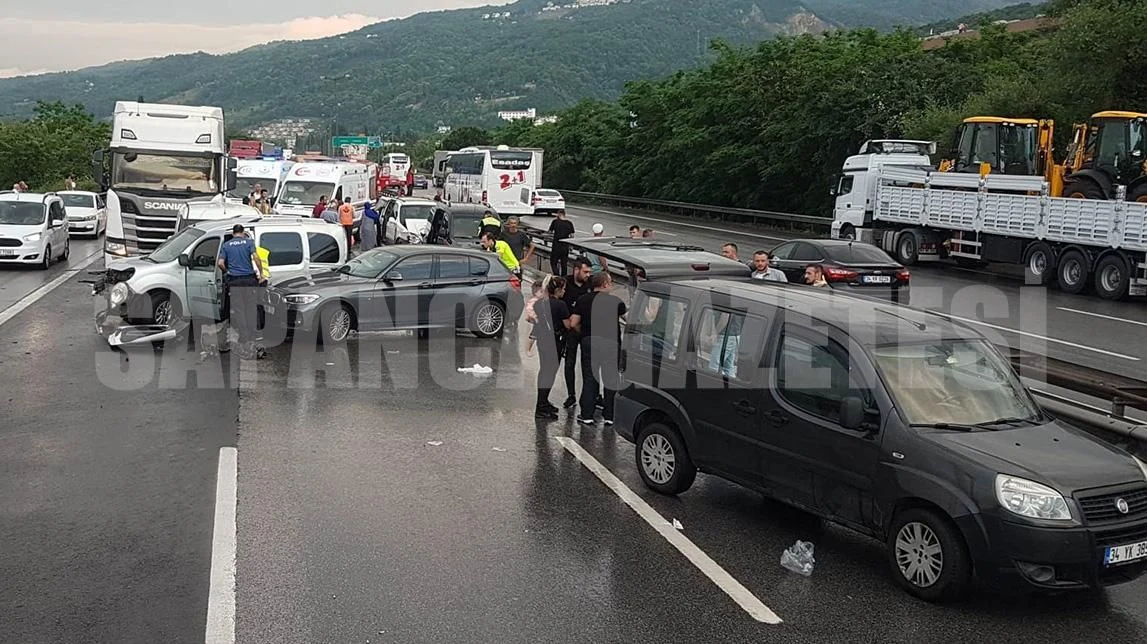Tem Sapanca Savaş Alanına Döndü: 8 Yaralı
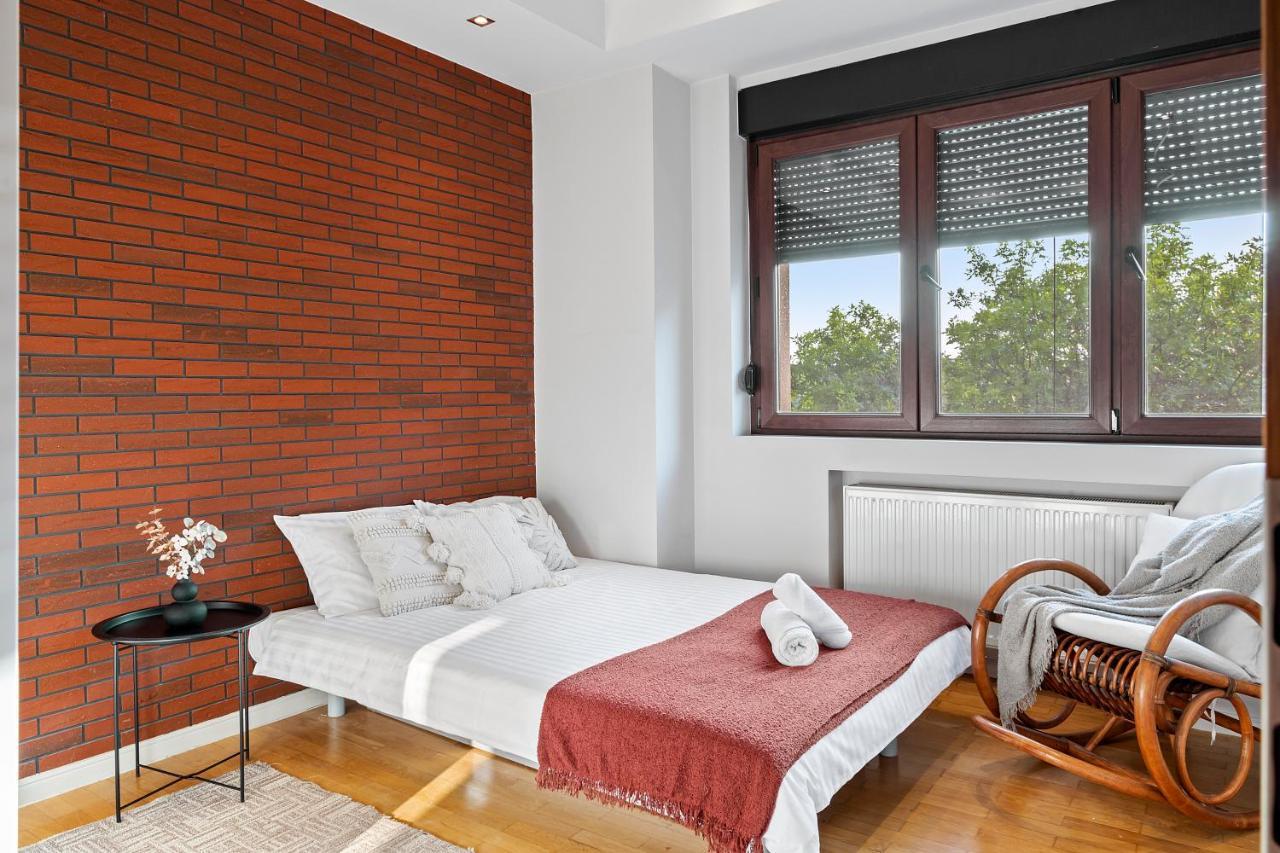 City Heart Retreat Elegant Apartment Bucarest Extérieur photo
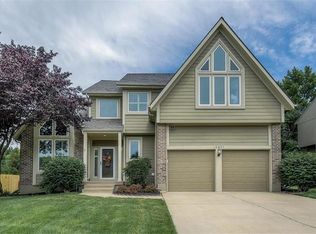 12821 Barton St, Overland Park, KS 66213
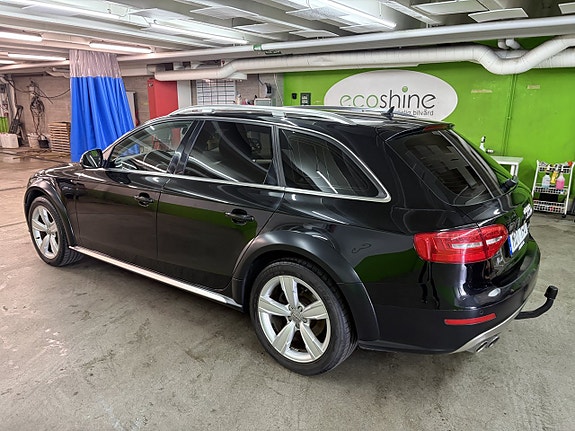 Audi A4 allroad 5 of 5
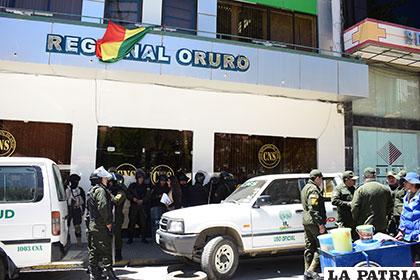 Policías impidieron el ingreso al edificio central de la CNS de Oruro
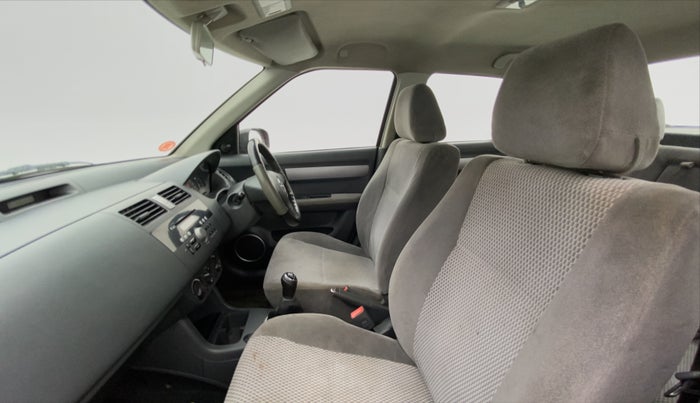 2009 Maruti Swift Dzire VXI 1.3, Petrol, Manual, 70,353 km, Right Side Front Door Cabin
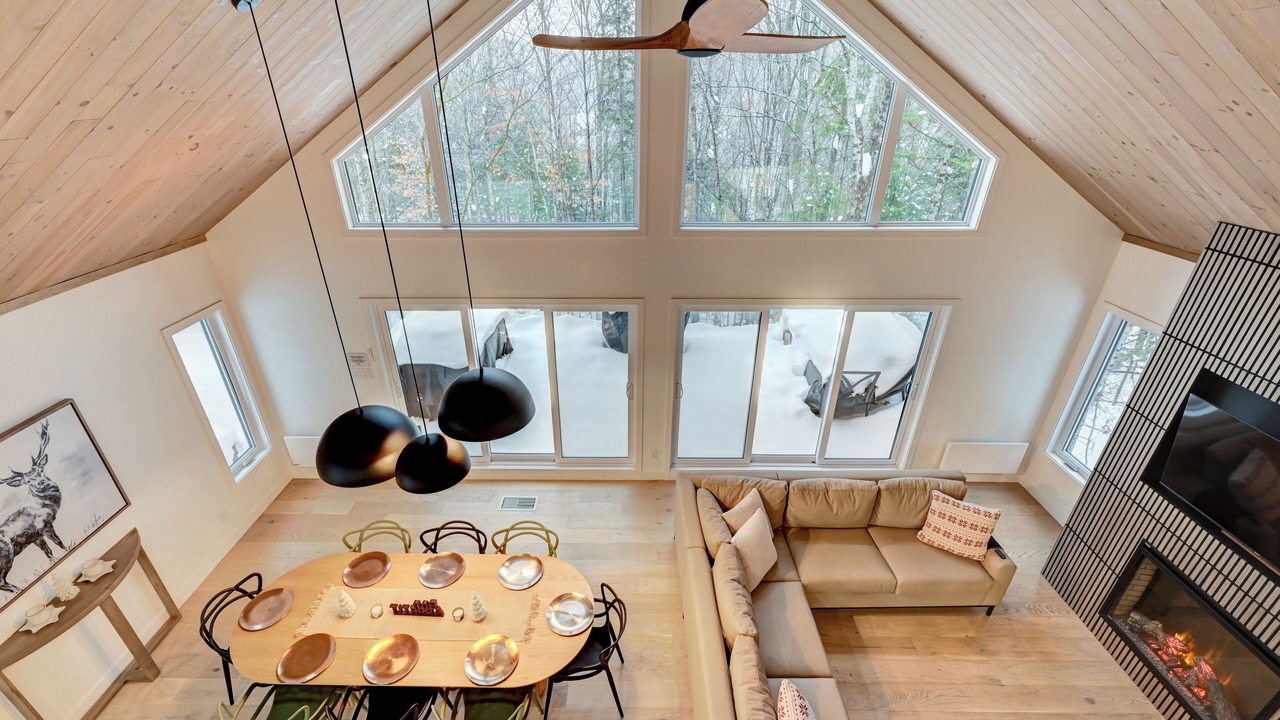 Photo of Livingroom in Amherst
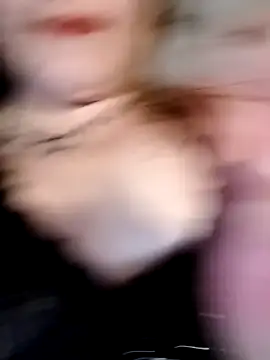 Snapshot of SWEETLUNA077 chatting on 13, 4, 2026 SWEETLUNA077 online show from 13, 4, 2026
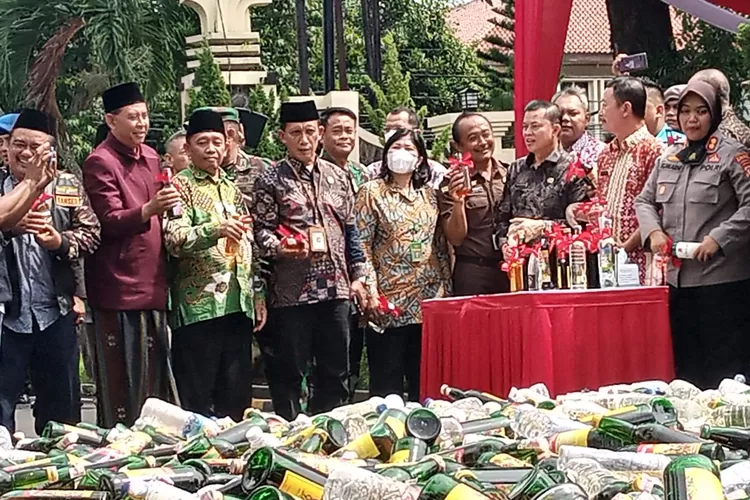 Pemusnahan Ribuan Miras, jelang Natal dan Tahun Baru 2023 dilingkungan Mapolres Subang (Ahya Nurdin)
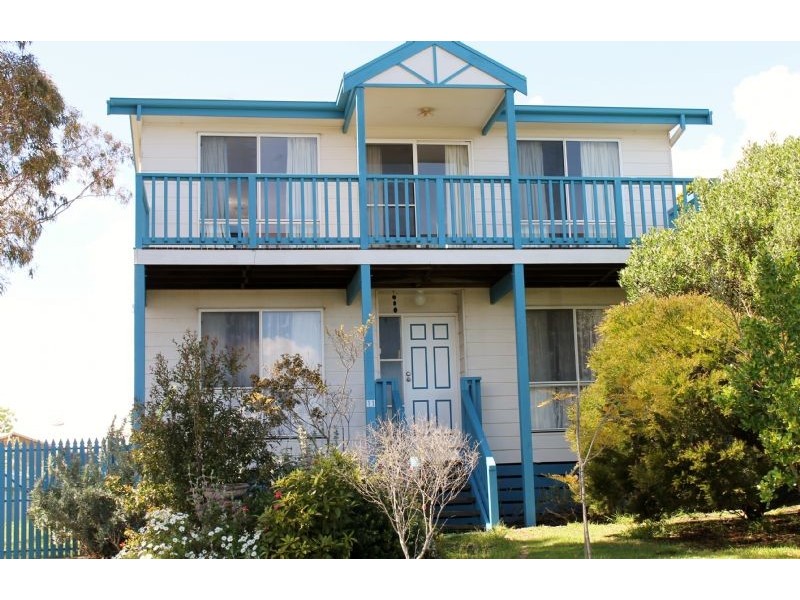 11 Kedah Road, Cowes VIC 3922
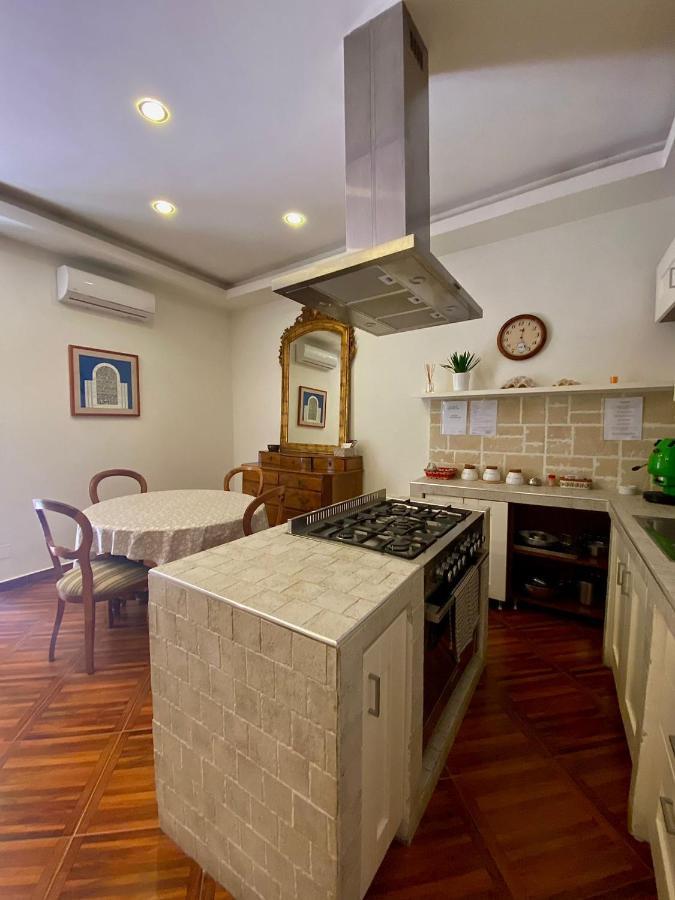Trinita Degli Spagnoli House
********************
Give back only the lines from the one that carries "Policías impidieron el" through the final line above, both included. Drop all pictures.

▶ Written answer
 Policías impidieron el ingreso al edificio central de la CNS de Oruro
 2009 Maruti Swift Dzire VXI 1.3, Petrol, Manual, 70,353 km, Right Side Front Door Cabin
 Photo of Livingroom in Amherst
 Snapshot of SWEETLUNA077 chatting on 13, 4, 2026 SWEETLUNA077 online show from 13, 4, 2026
 Pemusnahan Ribuan Miras, jelang Natal dan Tahun Baru 2023 dilingkungan Mapolres Subang (Ahya Nurdin)
 11 Kedah Road, Cowes VIC 3922
Trinita Degli Spagnoli House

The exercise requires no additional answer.